When your problem is having a lot of people who by definition can't be limited in any real fashion of their access in order to their job, a good answer is, depending on what you think the cost of a breach is, to centralize and reduce the numbers to a level which is manageable for near constant surveillance.

Maybe you can't keep a close eye on 1000 sysadmins (reasonable, its a number well above the monkey-sphere size of a human brain, so there's a espirit de corps issue there) but if you could get that number down to 100, then that's low enough that you could run them all in the same department, where everyone would "know" everyone as a real person with some room to spare for management and oversight.

It might not be an ideal or cheap solution, but it would work. Maybe they're weighting off the increased scope of a potential breach against the reductions in likelihood or speed with which it could be caught? Maybe, just maybe, you, Slashdot poster, aren't actually smarter then everyone else in the world.

Comment Re:No need for that anymore... (Score 1) 250

The fact we usually know what Mossad has done doesn't speak well of their effectivness. You want your secret intelligence services to do things that remain secret.

The other thing to remember is that by and large the CIA are spies. Mossad is notable because they kill a lot of people, but that's hardly what an intelligence agency is actually all about.

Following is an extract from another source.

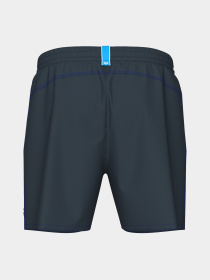 Шорты для плавания Arena модель 006442-581 Шорты для плавания Arena модель 006442-581 Фото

Comment Re:But but but...... (Score 4, Interesting) 262

Elon is _not_ the kind of guy to bow to conventional wisdom. SpaceX is one giant experiment to reevaluate 'conventional wisdom' about access to space, from the ground up. They're learning that while certain corners cannot be cut, there _are_ ways to economise.

Tom Markusic has come right out and said that they can develop Merlin 2 (engine for their super-heavy lift vehicle) in three years for $1b. I don't know the odds of a company the size of SpaceX getting their hands on that kind of money any time soon.

The thing about SpaceX is that it would be really great if NASA could get out of the business of getting access to low-earth orbit, and focus instead on the types of platforms that get us from LEO to the moon or other planets. The best way forward I can see for the immediate future of manned exploration is definitely going to be figuring out what can be done with SpaceX platforms - and Elon Musk at least seems super onboard with anything involving sending people to Mars.

Comment Re:Is anybody surprised? (Score 1) 147

But the thing is this is all digital: it can be data-mined easily. You're not going around to businesses collecting receipts, or having to even mangle data so it can be correlated from different sources. Everything's in the same format, and easily analyzable by computer.

Part of the difficulty of normal forensic accounting is that the data formats suck. But for pure tracking purposes, BitCoin is a dream - all the data is owned by everyone all the time as a nature of the protocol, so you can build social graphs and run correlation functions as much as you want.